StringBuilder sb = new StringBuilder();
Byte[] buf = new byte[8192];
Stream resStream = response.GetResponseStream();
string tmpString = null;
int count = 0;
do
{
count = resStream.Read(buf, 0, buf.Length);
if(count != 0)
{
tmpString = Encoding.ASCII.GetString(buf, 0, count);
sb.Append(tmpString);
}
}while (count > 0);
I am working on a similar problem. The .net HttpWebRequest and HttpWebRequest handle cookies and redirects automatically but they do not handle chunked content on the response body automatically.
This is perhaps because chunked content may contain more than simple data (i.e.: chunk names, trailing headers).
Simply reading the stream and ignoring the EOF exception will not work as the stream contains more than the desired content. The stream will contain chunks and each chunk begins by declaring its size. If the stream is simply read from beginning to end the final data will contain the chunk meta-data (and in case where it is gziped content it will fail the CRC check when decompressing).
To solve the problem it is necessary to manually parse the stream, removing the chunk size from each chunk (as well as the CR LF delimitors), detecting the final chunk and keeping only the chunk data. There likely is a library out there somewhere that does this, I have not found it yet.
Usefull resources :
http://en.wikipedia.org/wiki/Chunked_transfer_encoding
https://www.rfc-editor.org/rfc/rfc2616#section-3.6.1
I've had the same problem (which is how I ended up here :-). Eventually tracked it down to the fact that the chunked stream wasn't valid - the final zero length chunk was missing. I came up with the following code which handles both valid and invalid chunked streams.

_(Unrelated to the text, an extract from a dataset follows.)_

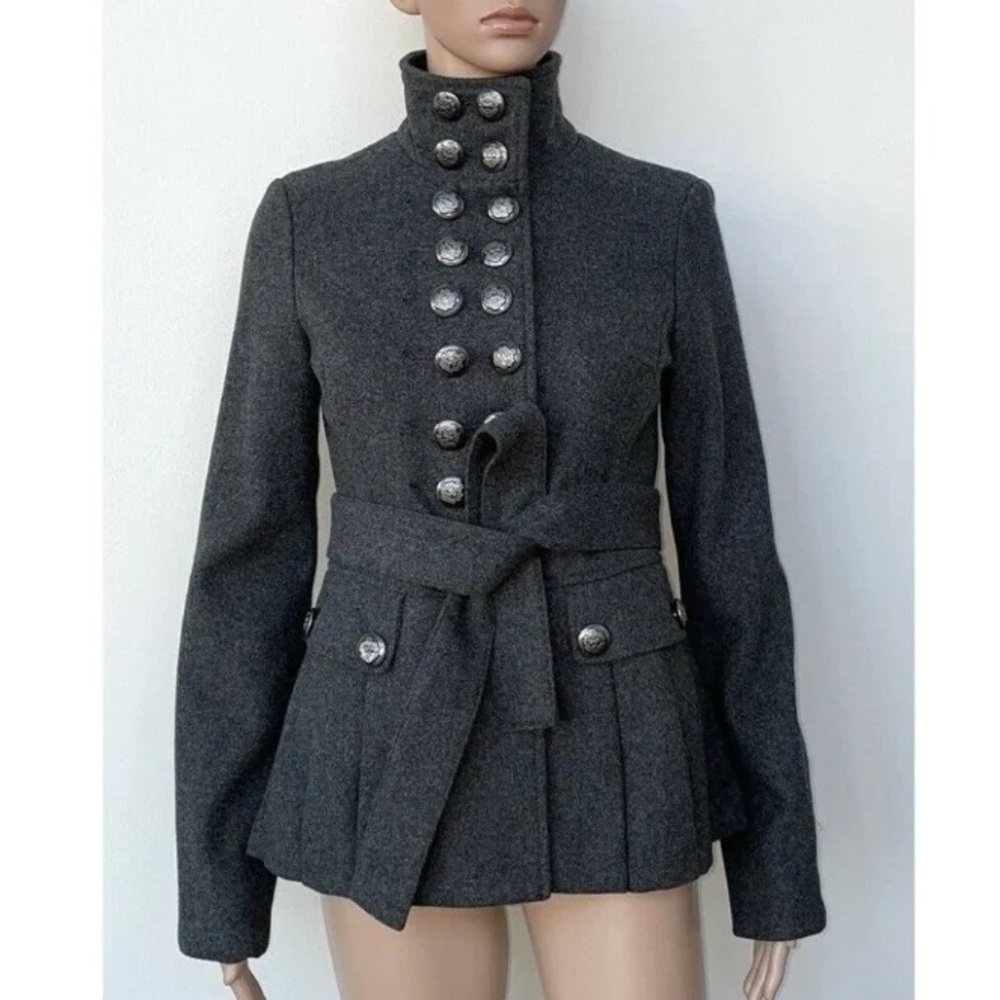 Free People Military Pea Coat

using (StreamReader sr = new StreamReader(response.GetResponseStream(), Encoding.UTF8))
{
StringBuilder sb = new StringBuilder();
try
{
while (!sr.EndOfStream)
{
sb.Append((char)sr.Read());
}
}
catch (System.IO.IOException)
{ }
string content = sb.ToString();
}
After trying a lot of snippets from StackOverflow and Google, ultimately I found this to work the best (assuming you know the data a UTF8 string, if not, you can just keep the byte array and process appropriately):
byte[] data;
var responseStream = response.GetResponseStream();
var reader = new StreamReader(responseStream, Encoding.UTF8);
data = Encoding.UTF8.GetBytes(reader.ReadToEnd());
return Encoding.Default.GetString(data.ToArray());
I found other variations work most of the time, but occasionally truncate the data. I got this snippet from:
https://social.msdn.microsoft.com/Forums/en-US/4f28d99d-9794-434b-8b78-7f9245c099c4/problems-with-httpwebrequest-and-transferencoding-chunked?forum=ncl
It is funny. During playing with the request header and removing "Accept-Encoding: gzip,deflate" the server in my usecase did answer in a plain ascii manner and no longer with chunked, encoded snippets. Maybe you should give it a try and keep "Accept-Encoding: gzip,deflate" away. The idea came while reading the upper mentioned wiki in topic about using compression.